El otro desafío es el Reinfo. Como se sabe, se hizo una primera anulación de más de 50 mil Reinfo cuyo período de formalización había concluido. Esos más de 50 mil Reinfo no volverán. Quedan más de 31 mil Reinfo, de los cuales más de 24 mil están vigentes y más de 6 mil están suspendidos por menos de un año. El año pasado, de acuerdo con funcionarios del Minem, solo lograron formalizar alrededor de 100 Reinfo, es decir, nada. ¿Cuántos mineros con Reinfo han logrado formalizar hasta julio de este año? Huelgan comentarios. De acuerdo con la normativa, el Reinfo termina el 31 de diciembre de este año. ¿Lograrán formalizar a los más de 24 mil Reinfo vigentes? De tal manera que en los próximos meses y semanas –con el nuevo gobierno y el nuevo titular del Minem– se empiece a generar una sana discusión para la depuración técnica y rápida del Reinfo, lejos de las anteojeras ideológicas y las presiones de los mineros informales –hoy diputados y senadores– y de los gremios que defienden el establecimiento informal y feudal llamado Reinfo. De hecho, desde hace algunas semanas, la especialista Ángela Remuzgo ha venido desarrollando las posibilidades técnicas de la depuración del Reinfo.

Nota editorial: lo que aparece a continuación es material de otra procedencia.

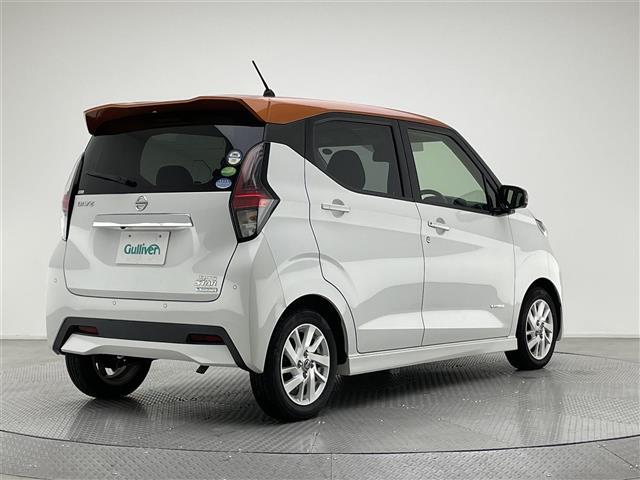 デイズ ハイウェイスター X 純正SDナビフルセグTVアラウンドビューモニター前後コーナーセンサーレーンキープアシストLEDヘッドライトオートライト純正14インチアルミホイール純正フロアマットスマートキースペアキー1本(25枚目)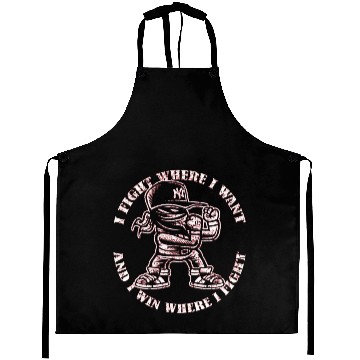 Discover Street Fighter Aprons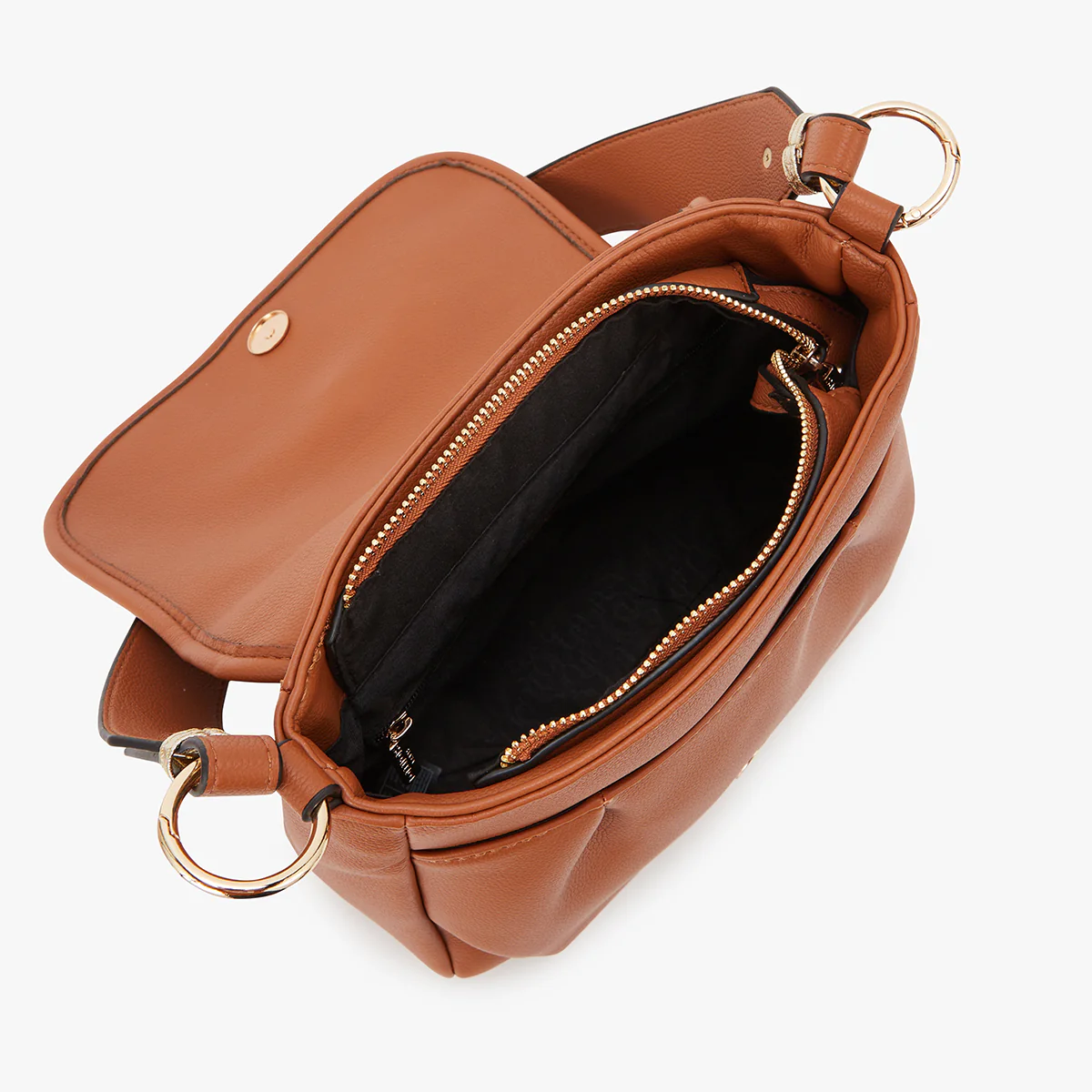 Sac bandoulière beige Lisbonne - Image 5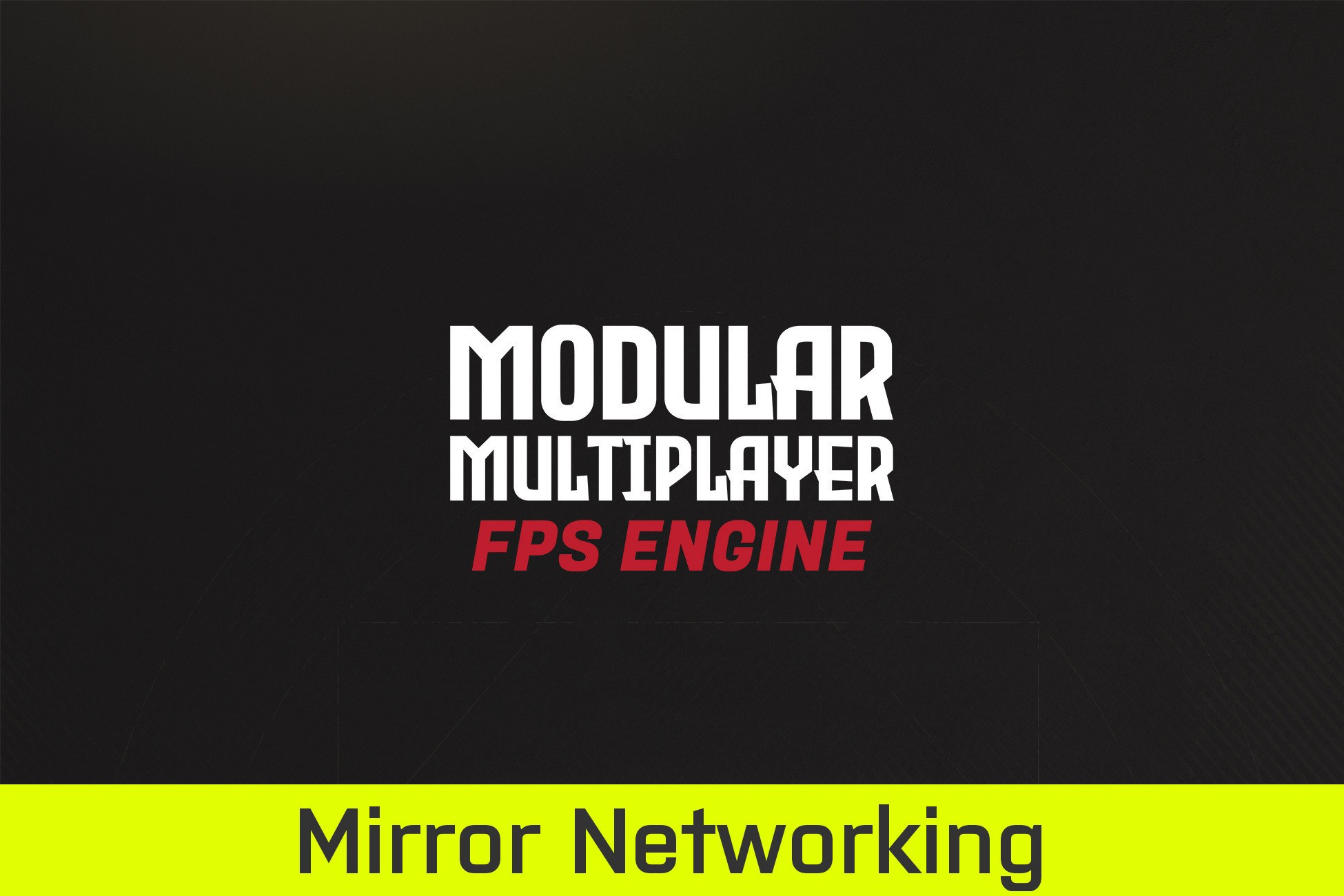 Modular Multiplayer FPS Engine (Mirror) (MMFPSE)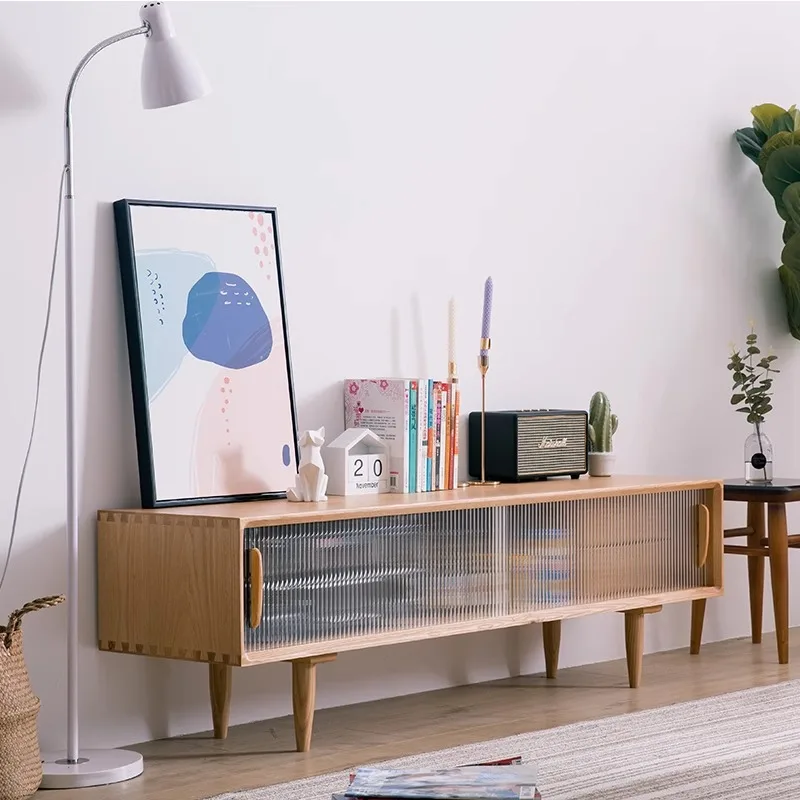 

Luxury Wood Tv Stands Monitor Cabinet Modern Nordic Theater Computer Tv Stands Mobile Mueble Salon Living Room Furnitures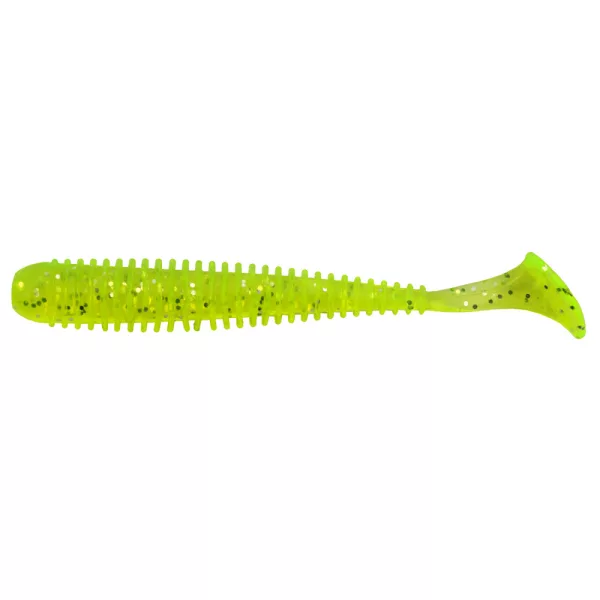 Nevis Vantage Longer 7,5cm 1,9gr 6ks/balení Fluo Zelená třpytka Plastová nástraha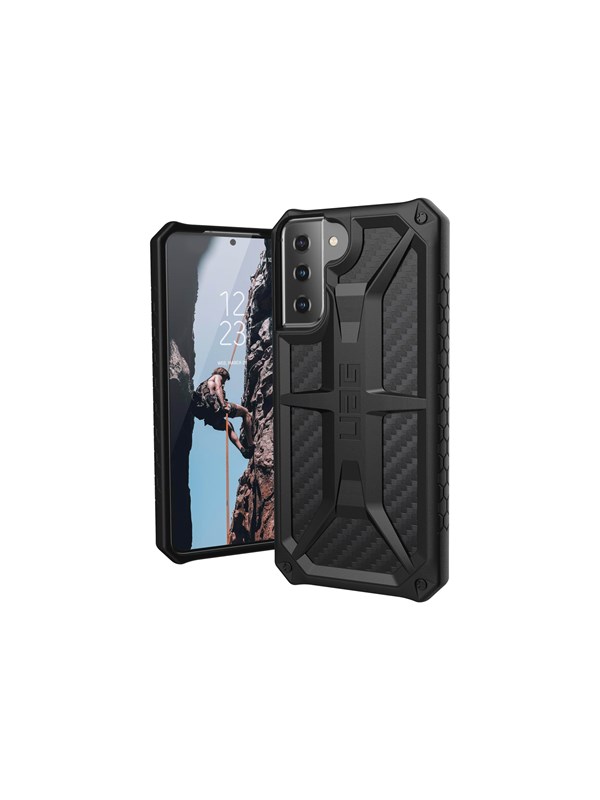 Uag Samsung Galaxy S21 5g Rugged Case Monarch Carbon Fiber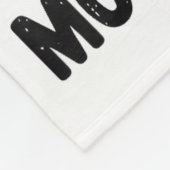 Couverture Polaire They Did Monster Math Teacher Halloween Costume Ma (Coin)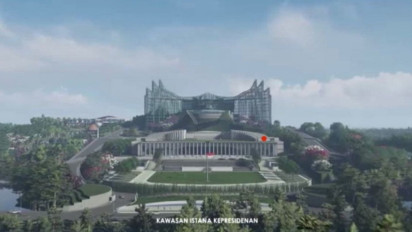 Mengintip Sistem Zonasi Kawasan yang Akan Ada di IKN "Nusantara"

El otro desafío es Petro-Perú. Como se sabe, el 31 de diciembre del 2025, a través de un decreto de urgencia, se inició la reorganización patrimonial, financiera y operativa de Petro-Perú, a pesar de los arrebatos de los burócratas y sus sindicatos. En este nuevo escenario, Pro Inversión es la encargada de supervisar el proceso e implementar un nuevo modelo de gestión y financiamiento. Este año, a través de otro decreto de urgencia (003-2026), se permitió que Petro-Perú pueda canalizar hasta US$2.000 millones de la banca privada internacional, esquema financiero supervisado por Pro Inversión –llamado vehículo de propósito especial o VPE– que separa el dinero nuevo de las deudas antiguas y con ello evita más “salvatajes” estatales. El nuevo gobierno y el nuevo titular del Minem deberían continuar con la estrategia viabilizada por Pro Inversión que –de ser un éxito– permitirá que para el 2032 la empresa sea financieramente autosostenible.
Tres retos: complejos, difíciles, pero técnica y políticamente posibles para quien será el nuevo ministro.